The DCCC came out hard in February against a Democrat running for the nomination in a Houston-area race that has another vulnerable Republican incumbent, and it backfired. Progressives rallied around Laura Moser, and she raised more than $100,000 to fund her campaign in just one day and ended up qualifying for a run-off against one of the party's preferred nominees.

In the Hurd district, a similar dynamic could be playing out. Trevino, Jones's runoff opponent, is a progressive who says Bernie Sanders, the upstart Democratic candidate who challenged Clinton for the Democratic nomination, changed his life.

He is campaigning on universal healthcare, free college education and a $15 minimum wage - and says seeking "moderate Republicans" is a fool's errand.

"Right now the Republican base really thinks Democrats are vile and they're not going to vote for them," he tells me. "I say why even pander to that? Appeal to your base and excite them with ideas that are new and that bring tangible results, and then bring new voters into the fold. It's simple."

Image caption,

Rick Trevino says he wants to bring new voters into the fold

If there's a danger for Democrats in the 2018 midterms, a way for the wave to fizzle, it's that the party turns against itself and previously motivated voters stay home in protest. Progressives grow frustrated by what they see as more of the same from establishment Democrats, who in turn fear activists will push the party toward unelectable candidates.

Trevino, for instance, calls Jones a "pseudo-celebrity" who appeals more to Democratic donors than working-class constituents.

"Gina Ortiz Jones is just an evolution of the establishment that's cynically incorporating the language and the rhetoric and the imagery of the Bernie movement, and they're going to pass off as progressive on their terms," Trevino says. "We're ready to go and duke it out."

After the (rhetorical) fists fly, will the party come together to bring down Hurd? That's the question in Texas and across the country, where Democratic voters are facing choices about what kind candidates to back in the primaries over the coming months.

"My instinct is saying we're finally collectively coming together, and we've found some very strong candidates to say yes, it's time," says Sharon Niesen, a Jones supporter who came to her candidate's party on election night.

The Democrats better hope so.

For the people to decide

After concluding their cross-country drive last year and arriving at the US Capitol - with a few hours to spare -the two Texas congressmen took to the floor of the House of Representatives to talk about their journey.

"I got to learn a lot about the gentleman from Texas, personally I'd like to be able to call my friend," Hurd said. "He's my battle buddy now, having spent so much time in a Chevy Impala with him."

Today O'Rourke acknowledges that both of them have challenging races ahead of them.
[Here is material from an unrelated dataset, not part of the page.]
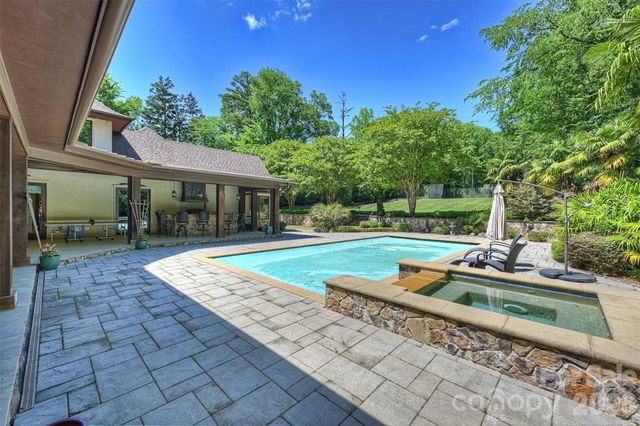 4901 Carmel Park Drive, Charlotte, NC 28226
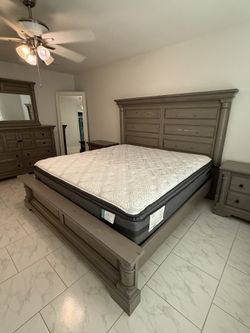 King Size Mattress - Great Condition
And while he could probably use a big Democratic turnout in San Antonio, he says that he's not going to get involved in Hurd's race.
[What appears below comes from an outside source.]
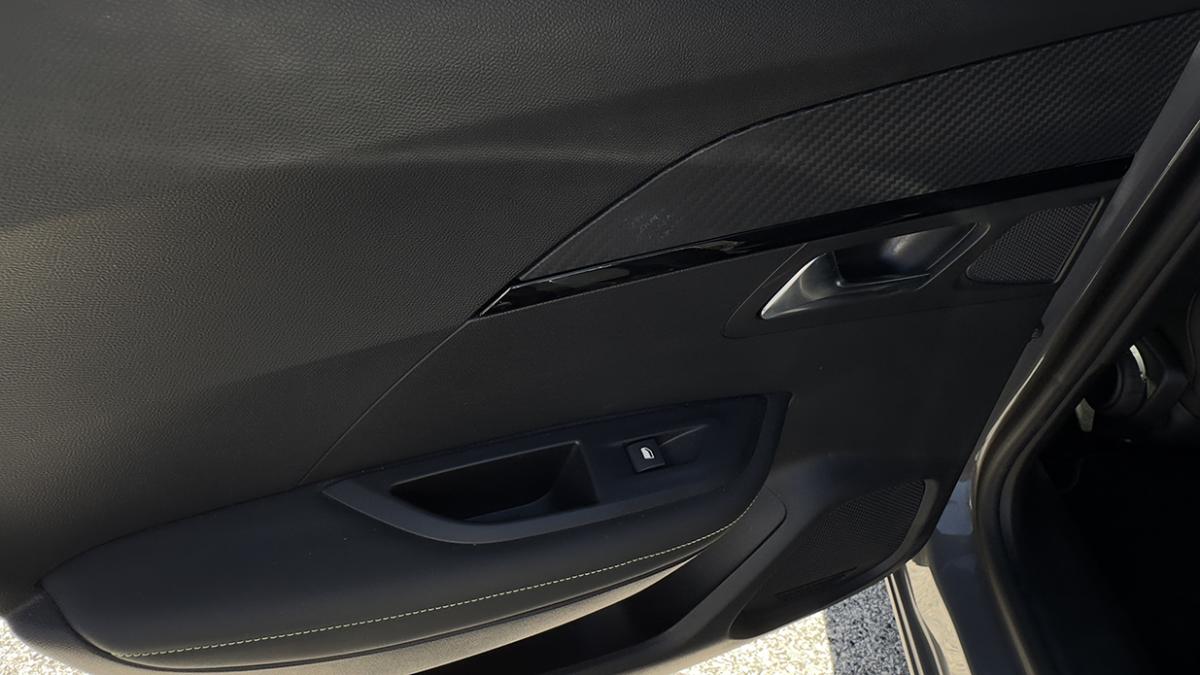 peugeot-e-2008-2025-eletrico-0cc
"That's going to be something for the people of San Antonio and El Paso and the rest of his district to decide - whether it's Will or the eventual nominee from the Democratic runoff," he says.
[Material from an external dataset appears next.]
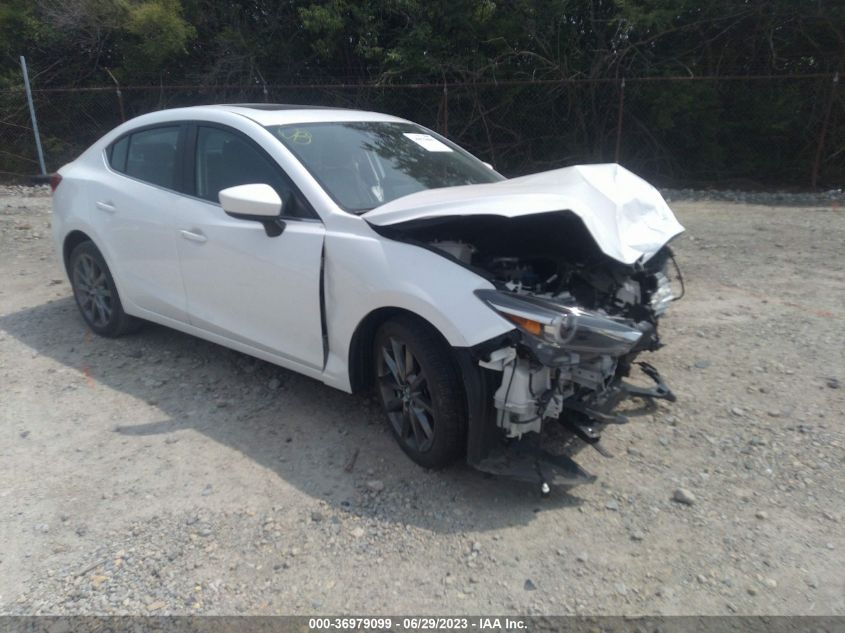 2018 MAZDA MAZDA3 4-DOOR GRAND TOURING - 3MZBN1W31JM171725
The next day, I tell Hurd what his Texas colleague said and ask what he thinks of O'Rourke's race.

Media caption,

The election where gun control doesn't matter

"It's not rocket science," he says. "People have to make up their own minds and not do what other people tell them to do."

Politics - in Texas, the US, pretty much anywhere one's livelihood depends on the ballot box - is a cut-throat business. It's hard not to listen to Hurd and O'Rourke and understand how they could work well together in Congress; how they can sometimes disagree but never be disagreeable, in Hurd's words.

"This country would be so much better if there were more bipartisan road trips," O'Rourke tells me.

The thing is, there aren't. The road to Washington goes through the ballot box, and there's a reasonable chance that whatever electoral wave there is will wash Hurd away but not be big enough to carry O'Rourke.

In November Texas voters could tell the two "battle buddies" that Washington isn't big enough for the two of them. In fact, the two Texans could learn that there's no place in Washington for either of them.